A Washington federal judge handed a loss yesterday to three companies sued for their role in a fatal Metro rail crash in 2009, issuing an opinion (PDF) denying their motions for summary judgment.
U.S. District Judge Reggie Walton found that there were too many facts at issue to make a judgment now, and that the case didn't present the type of "exceptional" circumstances that would allow him to pre-empt a jury hearing the case.
Victims of the June 22, 2009 crash and their families filed a slew of personal injury and wrongful death lawsuits against the Washington Metropolitan Transit Authority and three companies that designed, manufactured and supplied parts of the rail system. Most cases have settled, but two personal injury and two wrongful death cases remain. The crash killed nine people and wounded dozens more.
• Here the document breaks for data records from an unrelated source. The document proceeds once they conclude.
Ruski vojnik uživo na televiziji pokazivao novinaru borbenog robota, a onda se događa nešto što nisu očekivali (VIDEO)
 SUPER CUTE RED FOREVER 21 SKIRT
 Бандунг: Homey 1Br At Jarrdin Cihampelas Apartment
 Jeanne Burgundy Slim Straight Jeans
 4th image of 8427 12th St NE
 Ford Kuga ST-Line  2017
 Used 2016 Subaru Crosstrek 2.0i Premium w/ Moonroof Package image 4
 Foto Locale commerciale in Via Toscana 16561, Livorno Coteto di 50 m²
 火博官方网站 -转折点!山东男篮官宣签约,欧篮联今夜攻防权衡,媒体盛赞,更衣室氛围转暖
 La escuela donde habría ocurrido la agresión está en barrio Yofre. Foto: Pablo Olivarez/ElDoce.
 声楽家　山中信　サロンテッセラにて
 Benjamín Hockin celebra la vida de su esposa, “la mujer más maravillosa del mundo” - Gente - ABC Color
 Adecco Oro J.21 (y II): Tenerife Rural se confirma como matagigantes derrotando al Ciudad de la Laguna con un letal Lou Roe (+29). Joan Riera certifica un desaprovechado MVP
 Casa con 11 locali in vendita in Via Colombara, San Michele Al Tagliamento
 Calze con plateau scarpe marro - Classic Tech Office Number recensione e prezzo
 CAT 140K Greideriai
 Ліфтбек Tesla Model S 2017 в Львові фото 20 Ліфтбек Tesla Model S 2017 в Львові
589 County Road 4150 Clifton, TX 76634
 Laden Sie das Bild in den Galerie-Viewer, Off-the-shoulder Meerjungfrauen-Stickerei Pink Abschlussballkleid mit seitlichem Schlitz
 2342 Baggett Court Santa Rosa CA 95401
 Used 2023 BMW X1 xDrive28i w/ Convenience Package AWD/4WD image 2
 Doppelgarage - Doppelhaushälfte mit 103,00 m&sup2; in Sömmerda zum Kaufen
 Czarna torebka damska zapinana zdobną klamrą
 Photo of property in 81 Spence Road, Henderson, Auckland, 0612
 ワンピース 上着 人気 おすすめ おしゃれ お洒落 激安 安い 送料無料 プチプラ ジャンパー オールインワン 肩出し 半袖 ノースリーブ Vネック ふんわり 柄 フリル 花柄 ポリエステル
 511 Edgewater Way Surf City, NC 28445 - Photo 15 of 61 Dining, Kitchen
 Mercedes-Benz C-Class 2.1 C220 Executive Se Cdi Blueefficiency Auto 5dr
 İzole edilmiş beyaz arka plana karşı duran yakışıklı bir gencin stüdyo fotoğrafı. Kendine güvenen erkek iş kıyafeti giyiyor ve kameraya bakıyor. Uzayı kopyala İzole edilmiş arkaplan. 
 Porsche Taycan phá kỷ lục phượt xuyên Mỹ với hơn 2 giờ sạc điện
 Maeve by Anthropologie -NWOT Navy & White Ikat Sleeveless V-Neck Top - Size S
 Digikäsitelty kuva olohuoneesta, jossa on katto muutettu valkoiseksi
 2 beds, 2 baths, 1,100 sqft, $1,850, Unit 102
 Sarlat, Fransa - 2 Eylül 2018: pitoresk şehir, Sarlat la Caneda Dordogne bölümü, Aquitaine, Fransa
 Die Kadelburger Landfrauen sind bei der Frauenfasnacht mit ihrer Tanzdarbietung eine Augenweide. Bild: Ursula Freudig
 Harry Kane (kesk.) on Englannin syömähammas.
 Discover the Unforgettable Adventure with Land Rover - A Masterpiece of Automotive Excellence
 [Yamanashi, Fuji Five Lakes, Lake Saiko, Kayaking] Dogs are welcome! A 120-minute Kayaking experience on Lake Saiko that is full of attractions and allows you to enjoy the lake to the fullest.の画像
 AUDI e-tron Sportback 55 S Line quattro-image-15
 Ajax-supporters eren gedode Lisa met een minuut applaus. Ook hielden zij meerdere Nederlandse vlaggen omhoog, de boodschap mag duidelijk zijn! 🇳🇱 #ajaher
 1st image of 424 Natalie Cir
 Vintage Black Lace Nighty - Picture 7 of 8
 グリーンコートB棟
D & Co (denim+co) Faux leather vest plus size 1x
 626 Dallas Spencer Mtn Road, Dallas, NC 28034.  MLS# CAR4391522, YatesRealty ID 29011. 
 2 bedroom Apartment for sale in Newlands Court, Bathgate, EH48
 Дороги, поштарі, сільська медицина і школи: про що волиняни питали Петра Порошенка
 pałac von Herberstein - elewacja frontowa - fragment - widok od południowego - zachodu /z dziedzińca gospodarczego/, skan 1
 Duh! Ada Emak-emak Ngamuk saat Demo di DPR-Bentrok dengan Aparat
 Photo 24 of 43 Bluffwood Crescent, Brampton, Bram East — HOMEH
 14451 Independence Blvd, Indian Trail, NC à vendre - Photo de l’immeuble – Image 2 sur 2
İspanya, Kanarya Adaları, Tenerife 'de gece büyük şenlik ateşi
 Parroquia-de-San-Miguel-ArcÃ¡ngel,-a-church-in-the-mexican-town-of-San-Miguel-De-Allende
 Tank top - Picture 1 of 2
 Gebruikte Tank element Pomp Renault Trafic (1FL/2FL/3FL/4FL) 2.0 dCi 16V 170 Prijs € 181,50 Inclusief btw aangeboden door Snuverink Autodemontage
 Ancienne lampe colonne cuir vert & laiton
Although WMATA and the corporate defendants – Alston Signaling Inc., Ansaldo STS USA Inc., and ARINC Inc. – told the court and plaintiffs earlier this year that they planned to admit liability, talks between the defendants about how to divide the blame had failed by the end of February. The corporate defendants reinstated earlier motions for summary judgment, arguing that WMATA should bear full liability because its alleged negligence superseded any negligence on their part.
The companies' joint motion for summary judgment boiled down to the fact that WMATA was accused of putting technology that was known to malfunction in service leading up to the crash. Even if the corporate defendants supplied equipment that was the defective or failed to do enough safety testing, they argued that WMATA's actions cleared them of any blame. WMATA and the plaintiffs disagreed.
Questions of causation are almost always a matter for a jury, Walton wrote, but there are exceptions where it's clear there was a superseding act. In a 1985 case cited by corporate defendants, for instance, In re Korean Air Lines Disaster, Walton wrote that while the parties agreed there were defects in an airplane's navigational system that caused the plane to veer off course, there was no way the system's manufacturers could have anticipated that the plane would be shot down by Soviet missile attack.
This case, however, didn't present those same "exceptional" circumstances, Walton wrote. He said that a jury could find that the corporate defendants could have anticipated how WMATA would respond to problems with its systems.
Walton dismissed each company's individual motions to dismiss as well. He did grant ARINC summary judgment on a very narrow issue, that if a jury found WMATA negligent, WMATA couldn't seek indemnification from ARINC for WMATA's own negligence.
The four remaining cases are scheduled for trial in the fall, although the plaintiffs indicated in their brief that one of the wrongful death cases is on the verge of settlement.
Attorneys for all parties have declined to comment, in light of an order from Walton earlier this year barring attorneys from speaking publicly about the case for fear of making it harder to select a jury.
The plaintiffs are being represented by Regan, Zambri & Long, The Cochran Firm and Alper & Mann. Alstom is being represented by Winston & Strawn, Ansaldo is being represented by LeClairRyan and ARINC is being represented by Baltimore's Goodell, Devries, Leech & Dann.